The Herd and the Terrapins are the last two teams in Southern Conference history to finish with perfect records.

No Southern club has finished with a zero in the loss column since Coach Bob Pruett’s 1996 Herd that went 15-0 and won the NCAA Division I-AA national title. Prior to that, no team had finished perfect since the 1951 Maryland team of Coach “Big Jim” Tatum.

VMI was an unbeaten Southern Conference champ in 1957, but had a blemish, going 9-0-1 with a 21-21 tie at Holy Cross. Future Terps (and Georgia Tech and Detroit Lions) coach Bobby Ross played on that Keydet team.

That ’51 Terrapins team is an interesting one. The SC didn’t allow schools to play in the postseason. Earlier that year, the conference joined with the Big Seven Conference in banning members from participating in post-season bowl games as part of an on-going movement by a number of NCAA institutions wishing to de-emphasize college football.

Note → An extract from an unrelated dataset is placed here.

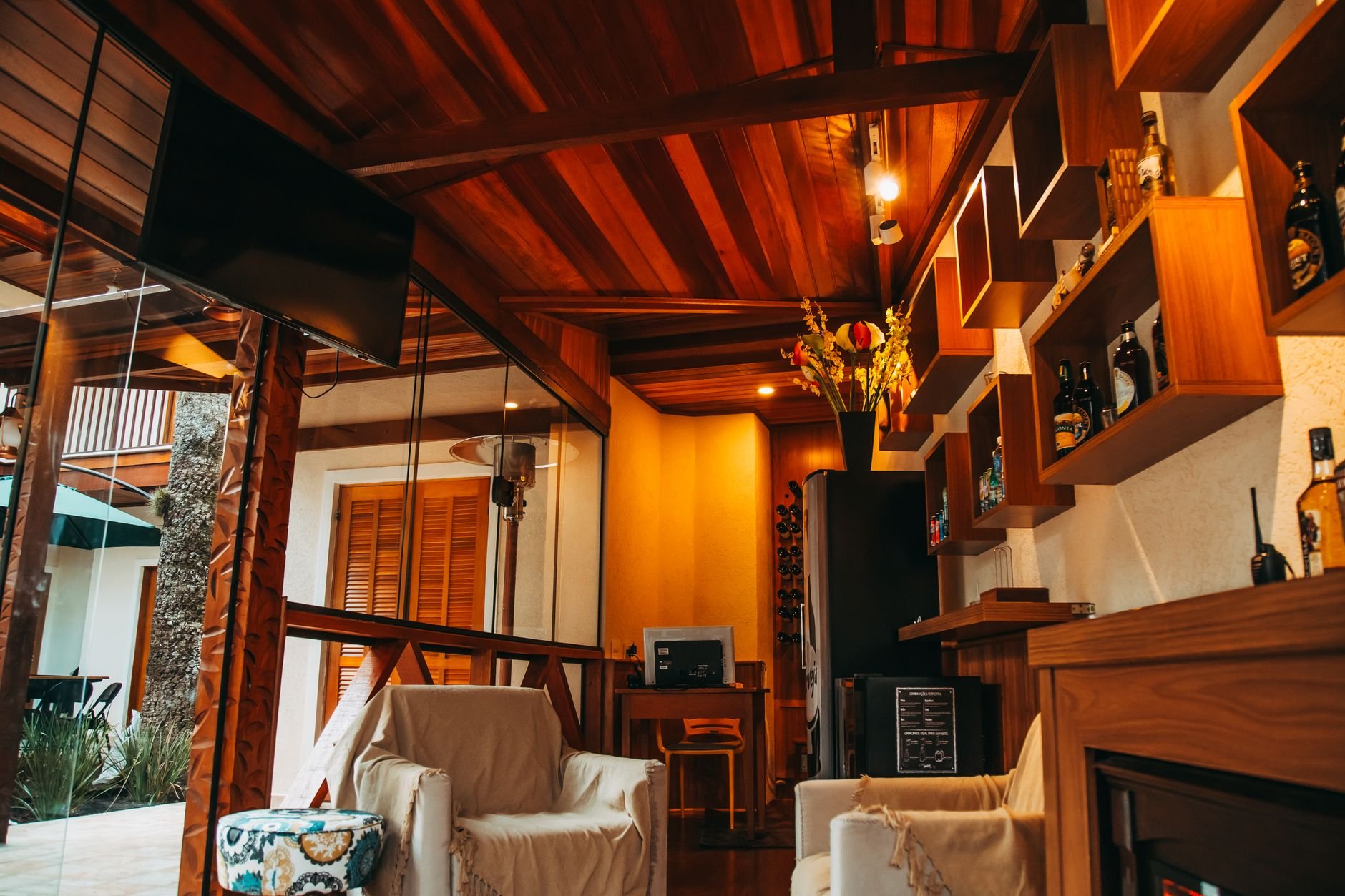 Warm and inviting living room showcasing modern wooden decor and a comfortable armchair setup.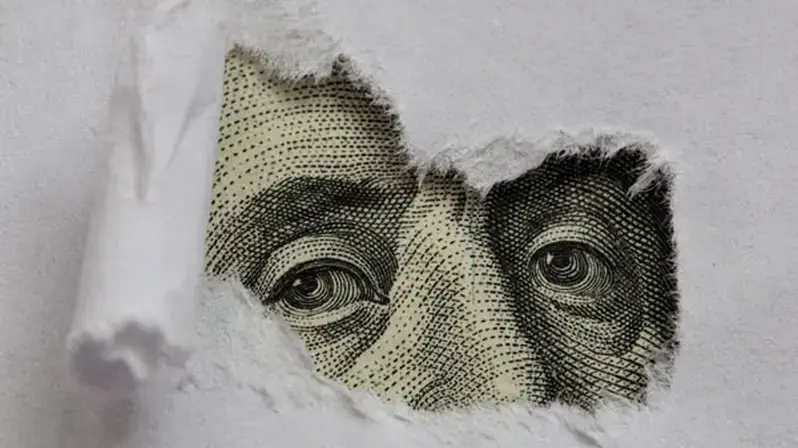 Mit Interim Management Finanz-Herausforderungen lösen: Das Bild zeigt den Kopf auf einer Dollar-Note.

Tatum’s team, ranked No. 3 nationally, decided to tell the SC to pound salt, and headed to the Sugar Bowl to play top-ranked Tennessee – and won 28-13. Clemson did the same, as Coach Frank Howard took the Tigers to the Gator Bowl, where they fell to Miami.

The Terps and Clemson were placed a on a year's probation by the Southern Conference, and it was ruled neither school could play an SC team in the 1952 regular season.

Where did all of this go?

Well, Maryland and Clemson got together with South Carolina, NC State, North Carolina, Duke and Wake Forest and they withdrew from the Southern Conference … and formed the ACC in the summer of 1953.

Now you know the rest of the story.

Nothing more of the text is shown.